> _What the task asks_
Retype all of the listing exactly, with no pictures.

> _The data_
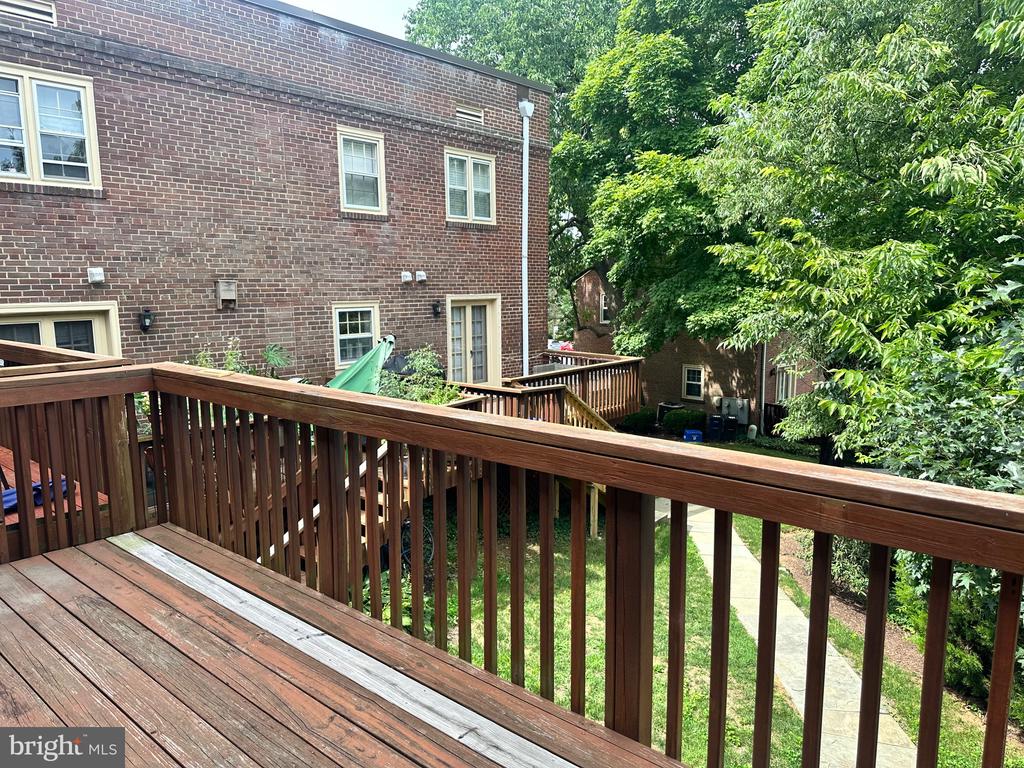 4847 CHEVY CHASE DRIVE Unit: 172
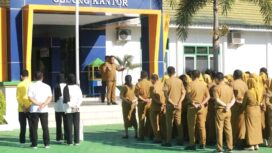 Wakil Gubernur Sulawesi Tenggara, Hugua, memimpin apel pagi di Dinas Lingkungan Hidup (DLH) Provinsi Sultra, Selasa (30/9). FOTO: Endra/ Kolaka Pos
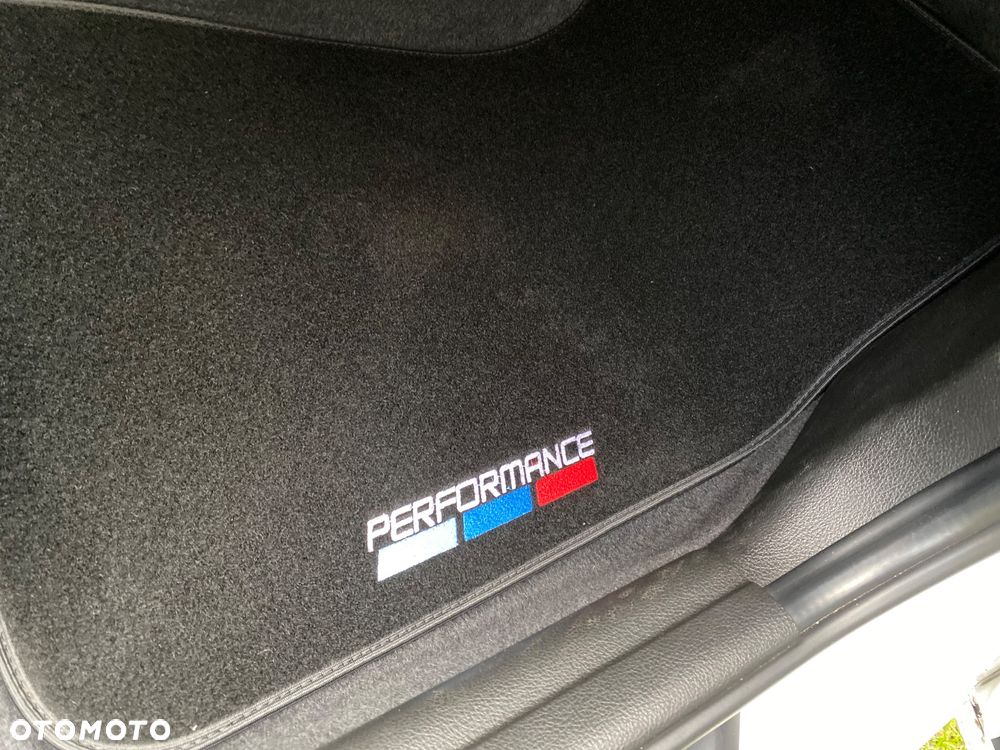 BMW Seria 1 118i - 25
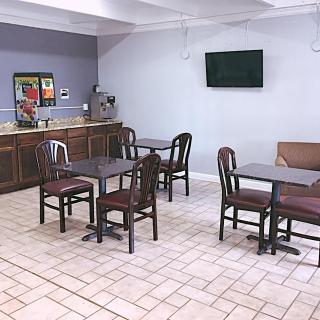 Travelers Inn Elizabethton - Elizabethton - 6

> _Exercise result_
 4847 CHEVY CHASE DRIVE Unit: 172
 Wakil Gubernur Sulawesi Tenggara, Hugua, memimpin apel pagi di Dinas Lingkungan Hidup (DLH) Provinsi Sultra, Selasa (30/9). FOTO: Endra/ Kolaka Pos
 BMW Seria 1 118i - 25
 Travelers Inn Elizabethton - Elizabethton - 6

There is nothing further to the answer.